### Task instructions
Write the entries below out again without a single difference.

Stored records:

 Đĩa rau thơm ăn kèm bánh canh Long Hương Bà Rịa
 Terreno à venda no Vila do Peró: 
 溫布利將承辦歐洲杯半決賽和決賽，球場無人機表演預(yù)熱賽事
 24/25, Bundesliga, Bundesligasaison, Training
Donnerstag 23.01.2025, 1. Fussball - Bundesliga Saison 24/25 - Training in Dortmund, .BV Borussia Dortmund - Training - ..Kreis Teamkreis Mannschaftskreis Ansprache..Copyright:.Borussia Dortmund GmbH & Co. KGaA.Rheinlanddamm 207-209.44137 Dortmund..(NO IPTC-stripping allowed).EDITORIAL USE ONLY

### Result of the task
 Đĩa rau thơm ăn kèm bánh canh Long Hương Bà Rịa
 Terreno à venda no Vila do Peró: 
 溫布利將承辦歐洲杯半決賽和決賽，球場無人機表演預(yù)熱賽事
 24/25, Bundesliga, Bundesligasaison, Training
Donnerstag 23.01.2025, 1. Fussball - Bundesliga Saison 24/25 - Training in Dortmund, .BV Borussia Dortmund - Training - ..Kreis Teamkreis Mannschaftskreis Ansprache..Copyright:.Borussia Dortmund GmbH & Co. KGaA.Rheinlanddamm 207-209.44137 Dortmund..(NO IPTC-stripping allowed).EDITORIAL USE ONLY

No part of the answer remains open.